**EXTRACTED MATERIAL:**
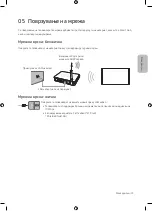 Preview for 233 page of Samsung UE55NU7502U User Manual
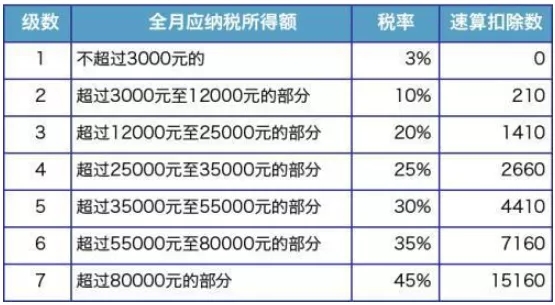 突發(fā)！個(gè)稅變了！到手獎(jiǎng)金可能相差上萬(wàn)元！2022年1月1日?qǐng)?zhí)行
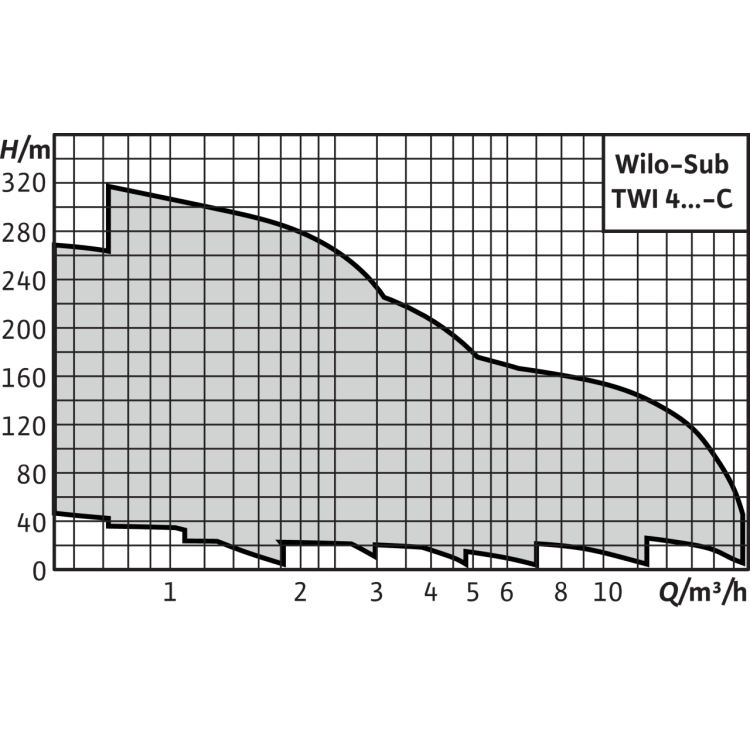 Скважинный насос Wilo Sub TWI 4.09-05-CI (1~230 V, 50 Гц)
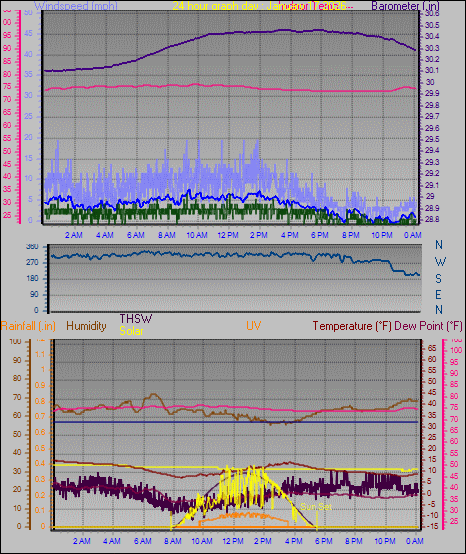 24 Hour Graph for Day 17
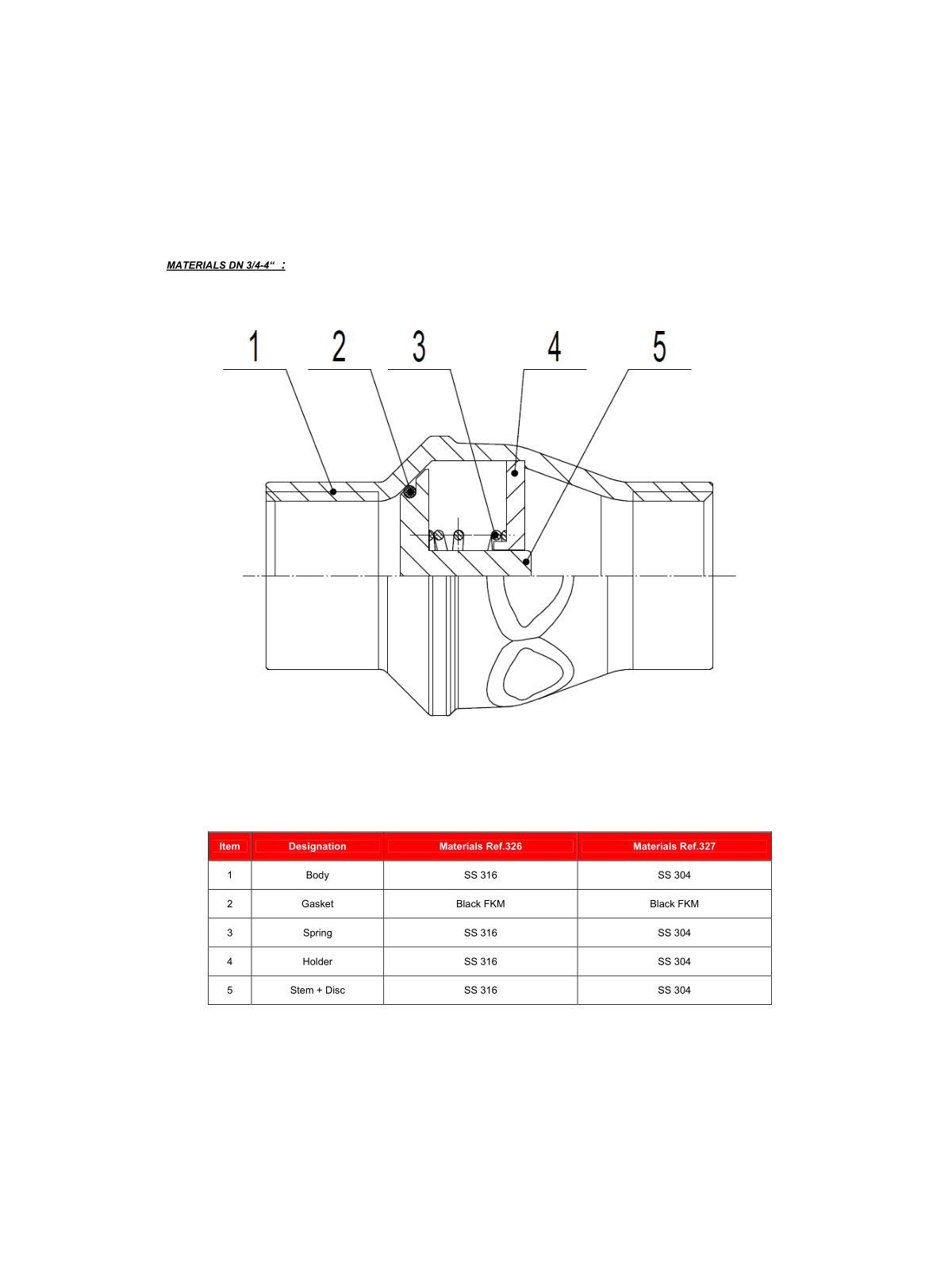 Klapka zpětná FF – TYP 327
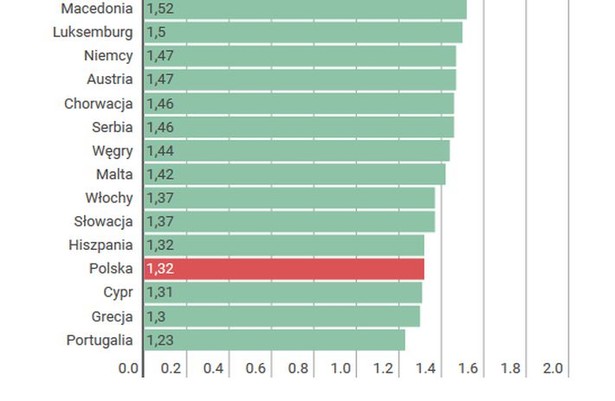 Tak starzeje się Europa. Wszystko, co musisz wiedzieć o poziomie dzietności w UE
* * *
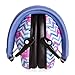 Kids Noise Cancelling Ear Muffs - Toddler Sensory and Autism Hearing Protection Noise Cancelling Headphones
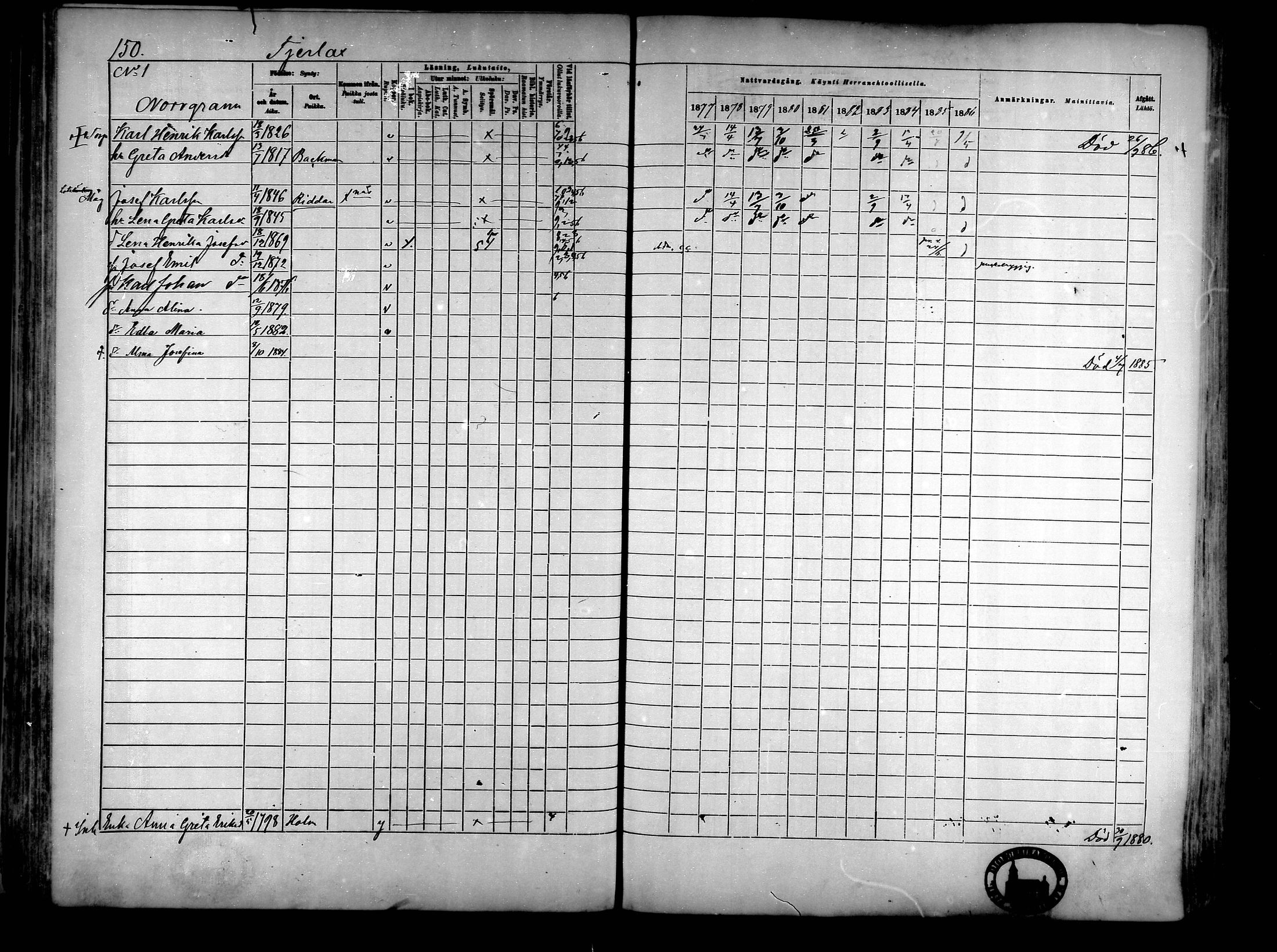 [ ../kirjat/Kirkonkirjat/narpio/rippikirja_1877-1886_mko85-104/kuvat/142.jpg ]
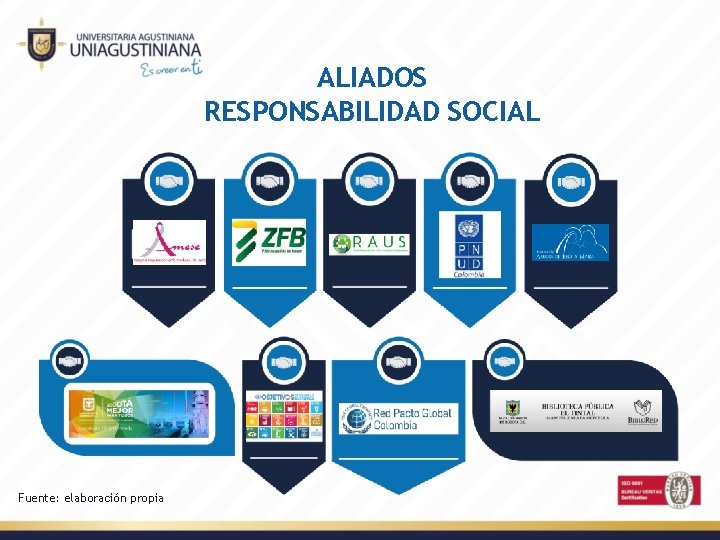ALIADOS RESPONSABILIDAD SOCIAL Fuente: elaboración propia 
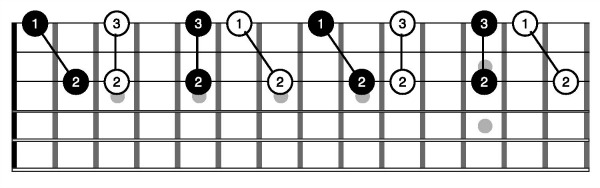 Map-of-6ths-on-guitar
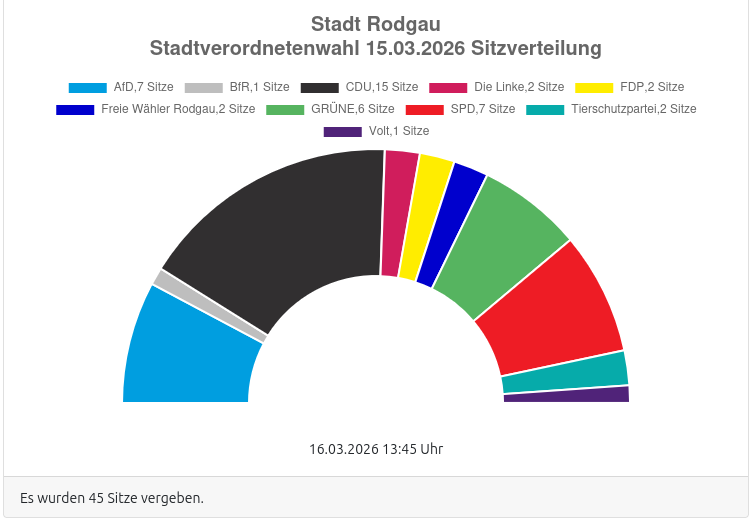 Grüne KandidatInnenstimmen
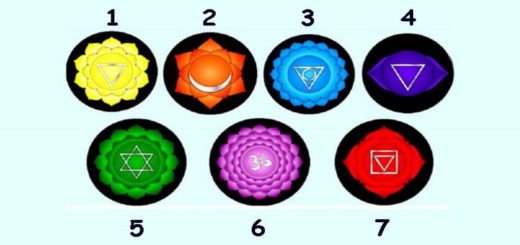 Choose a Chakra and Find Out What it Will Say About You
...
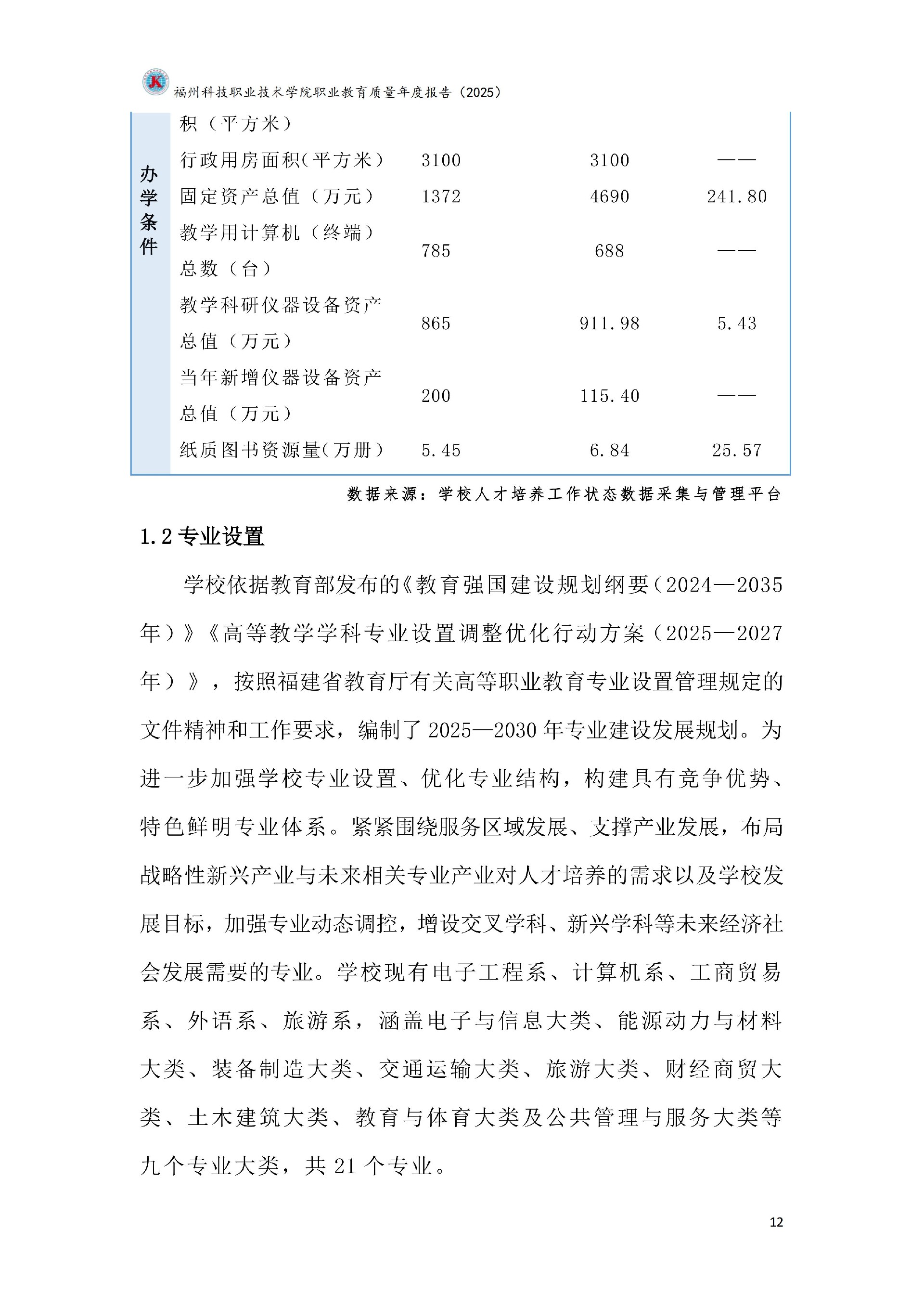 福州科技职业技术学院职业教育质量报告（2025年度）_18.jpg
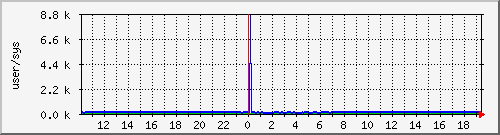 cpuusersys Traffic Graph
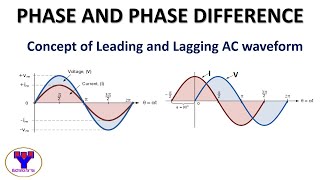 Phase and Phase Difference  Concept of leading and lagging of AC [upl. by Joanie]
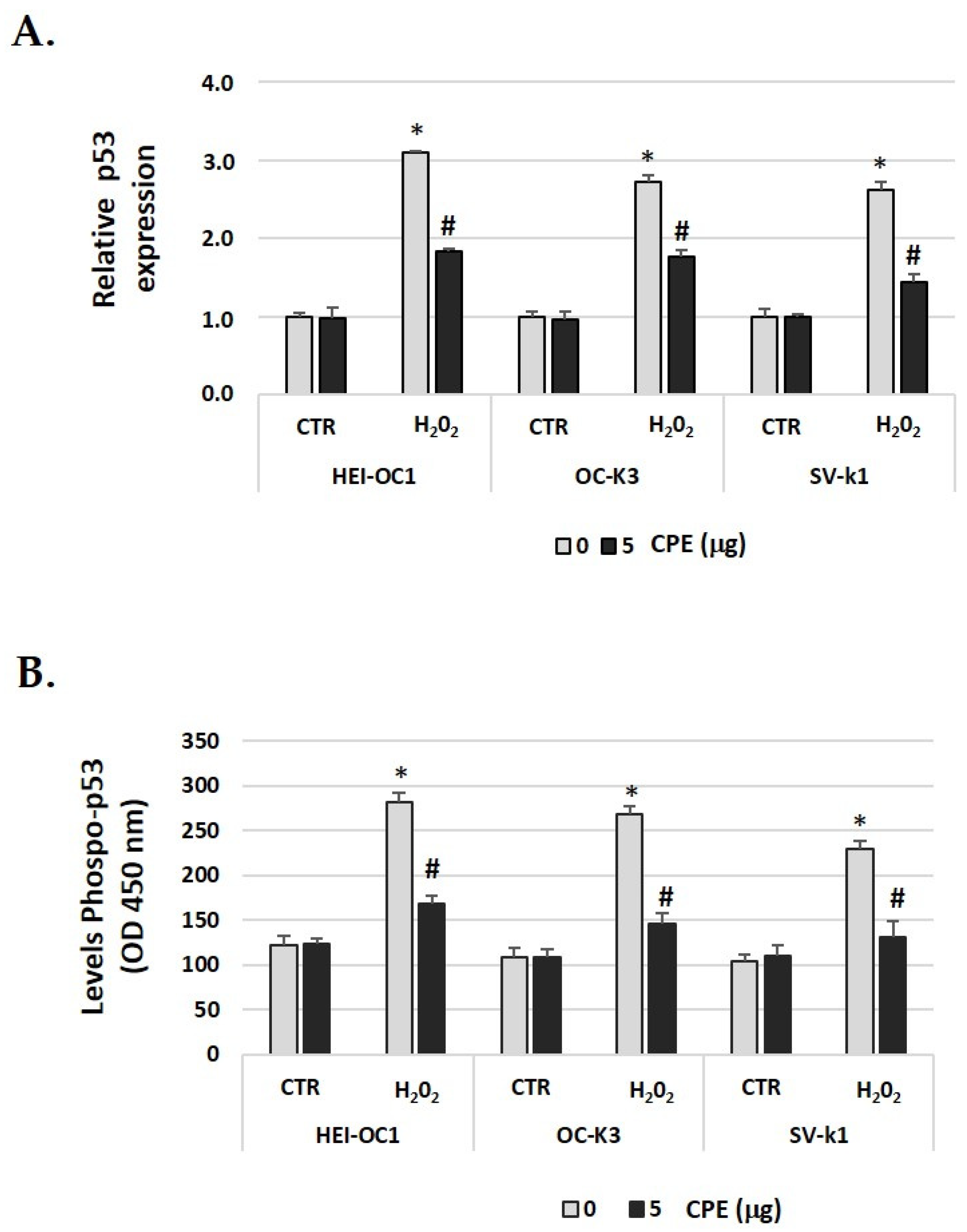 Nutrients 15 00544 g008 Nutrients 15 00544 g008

**EXERCISE BRIEF:** Copy out the listing above from the line containing "ALIADOS RESPONSABILIDAD SOCIAL" to the line containing "Choose a Chakra", both included, exactly as written and minus the images.

**WRITTEN REPLY:**
ALIADOS RESPONSABILIDAD SOCIAL Fuente: elaboración propia 
 Map-of-6ths-on-guitar
 Grüne KandidatInnenstimmen
 Choose a Chakra and Find Out What it Will Say About You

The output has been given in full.